* _What the exercise asks_
Transcribe the listing exactly, skipping every picture.

* _Given data_
====

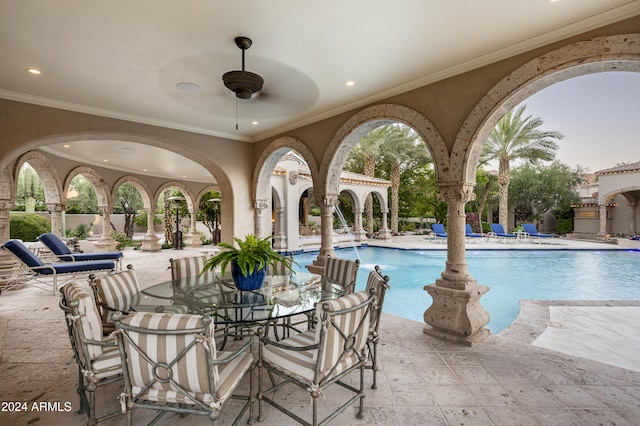 view of pool featuring ceiling fan and a patio area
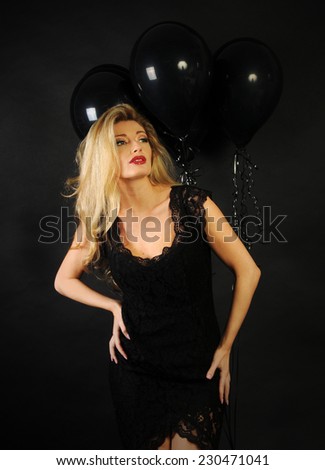 Full size portrait of beautiful sensual blond lady wearing cocktail lace black dress and a perfect evening make up with red lipstick looking up on black background with black balloons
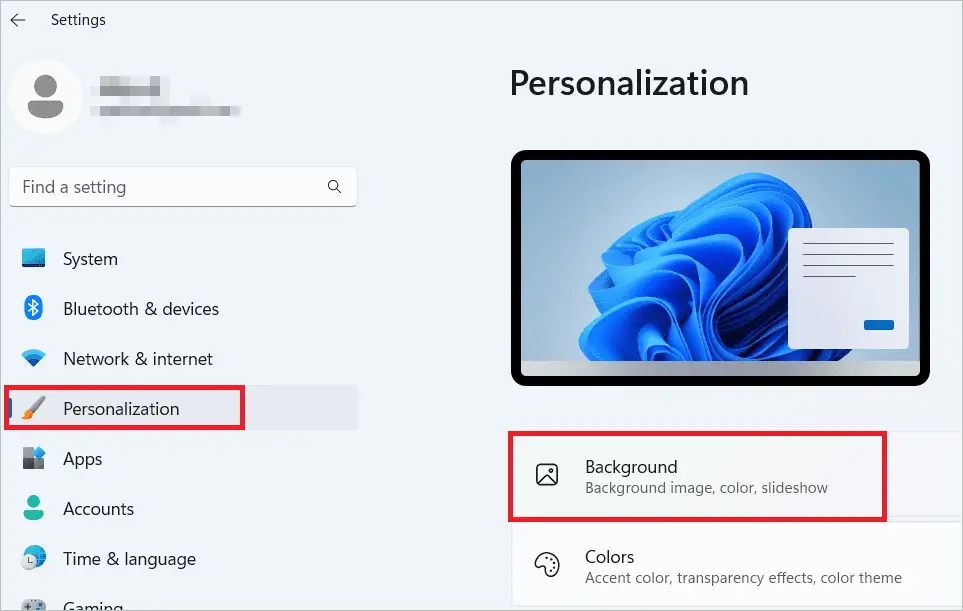 Select Personalization > Background to set different wallpapers on dual monitors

====

* _Response area_
 view of pool featuring ceiling fan and a patio area
 Full size portrait of beautiful sensual blond lady wearing cocktail lace black dress and a perfect evening make up with red lipstick looking up on black background with black balloons
 Select Personalization > Background to set different wallpapers on dual monitors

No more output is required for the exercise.